That must be good news for people on SVRs. Banks want high SVRs to subsidise poorly performing loans, but presumably they would prefer to drop the SVR rates rather than be left with a higher proportion of bad loans. It really needs people to start voting with their feet to move to KBC, and now Ulster, to overcome the present inertia.
Noonan will do as little as possible to lower SVR-like the canny farmer he thinks he is,he hopes the sight of a couple of fatted banks with high SVRs will have fordeign buyers drooling to get a piece of de action-
No doubt these banks will view the rates as unsustainable and will not offer a premium as a result.
If you want competition you need to address the repos and the utter insanity and hand wringing that goes on around it-no fordeign bank will come within an asses roar of the place till its clear cut.
Fine Gael will I think pay dearly for this utter act of financial buggery it has inflicted on the SVR class.
Glad to see UB handing over the processing of mortgages to the experts,my experience of dealing with the Ulster Bank in blanchardstown two years ago was nothing short of incompetence piled on stupidity and sheer utter fucking uselessness and the reason I closed all my accounts with them.
PTSB managed the same process with an absolute minimum of fuss and drama.
Who wants to lend money in Ireland at low interest rates? The default risk in this country is many multiples of what it was historically thanks to the land league, irish non mortgage payers institute or whatever it’s called.
I wouldn’t risk private capital lending into this place for less than 20% given the lack of recourse now in irish mortgages.
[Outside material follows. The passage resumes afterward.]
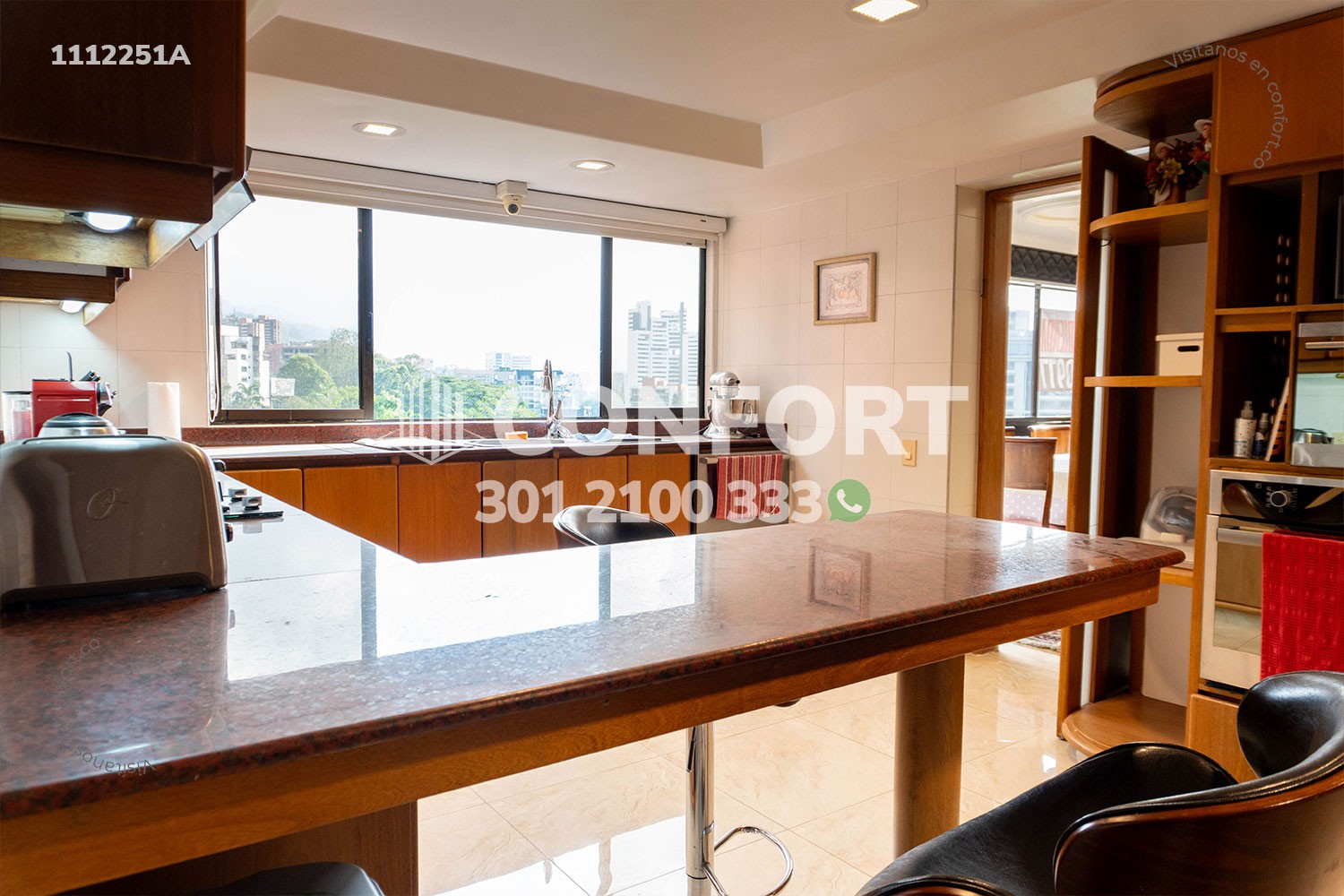Apartamento en arriendo en Los Balsos, Medellín · foto 9 de 24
How are the banks supposed to raise capital and pay a return on capital if they cannot price the credit risk?
Heard a discussion on this on rte radio on friday with some fianna failer and a bunch of journalists and it truely made me despair in it’s moronic understanding of risk and capital markets.
In some cases possibly but in the vast majority of cases I suspect that the politicians in question simply have no understanding of any matters financial, let alone how banking or capital markets function. Ireland consistently elects imbecilic, moronic, gombeen, chancer, stroke pulling culchies
The best rate is 3.55% with KBC. Where possible, mortgage holders should be switching to this rate. That is unless you are a KBC customer, as KBC won’t let their existing customers have this rate, so KBC existing customers are best switching elsewhere.
It strikes me as insane that our media can hold two separate points of outrage simultaneously - and resolutely refuse to connect them.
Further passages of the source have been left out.